◆ Data section:
· · · · · · ·
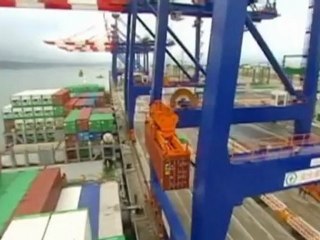 La industria china retrocede por noveno mes consecutivo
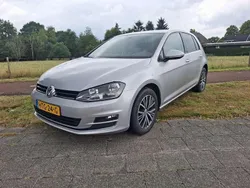 Grijs Gebruikt 2016 VW Golf VII Allstar Hatchback | € 9.450 (Super prijs)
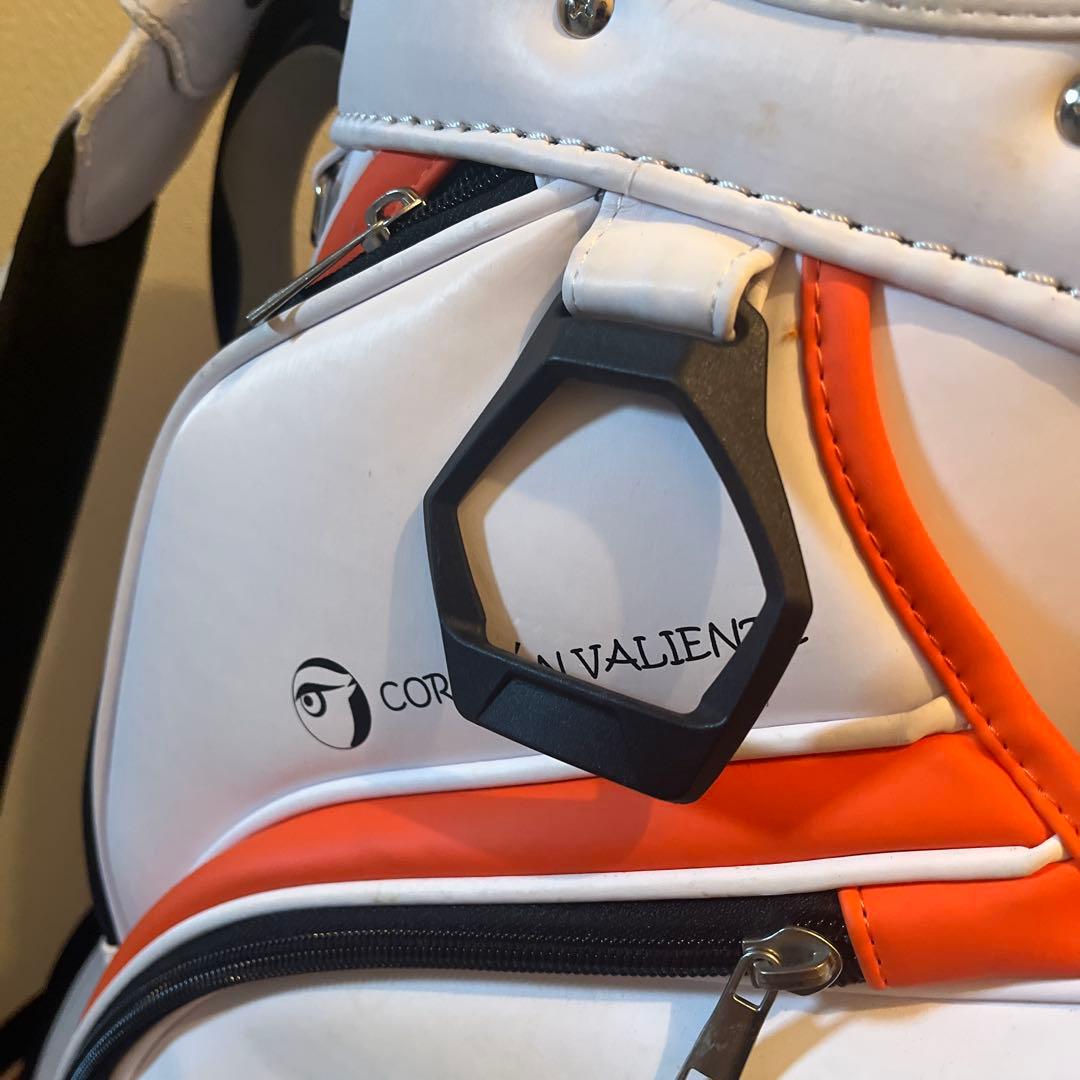 ミネルヴァ　MINERVA キャディバッグ ツアータイプ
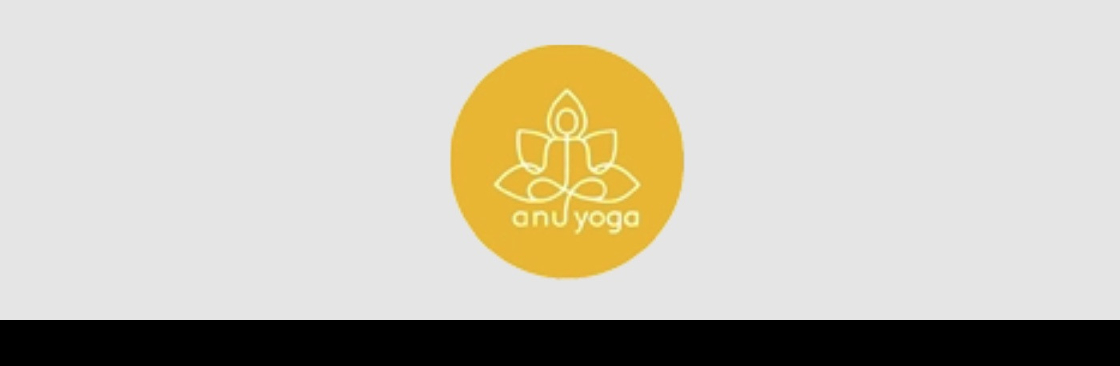 Anu Yoga Heals Cover Image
· · · · · · ·
Restate word for word only the lines that run from the line holding "Grijs Gebruikt 2016" to the end of the data, both ends kept, leaving every picture out.

 Grijs Gebruikt 2016 VW Golf VII Allstar Hatchback | € 9.450 (Super prijs)
 ミネルヴァ　MINERVA キャディバッグ ツアータイプ
 Anu Yoga Heals Cover Image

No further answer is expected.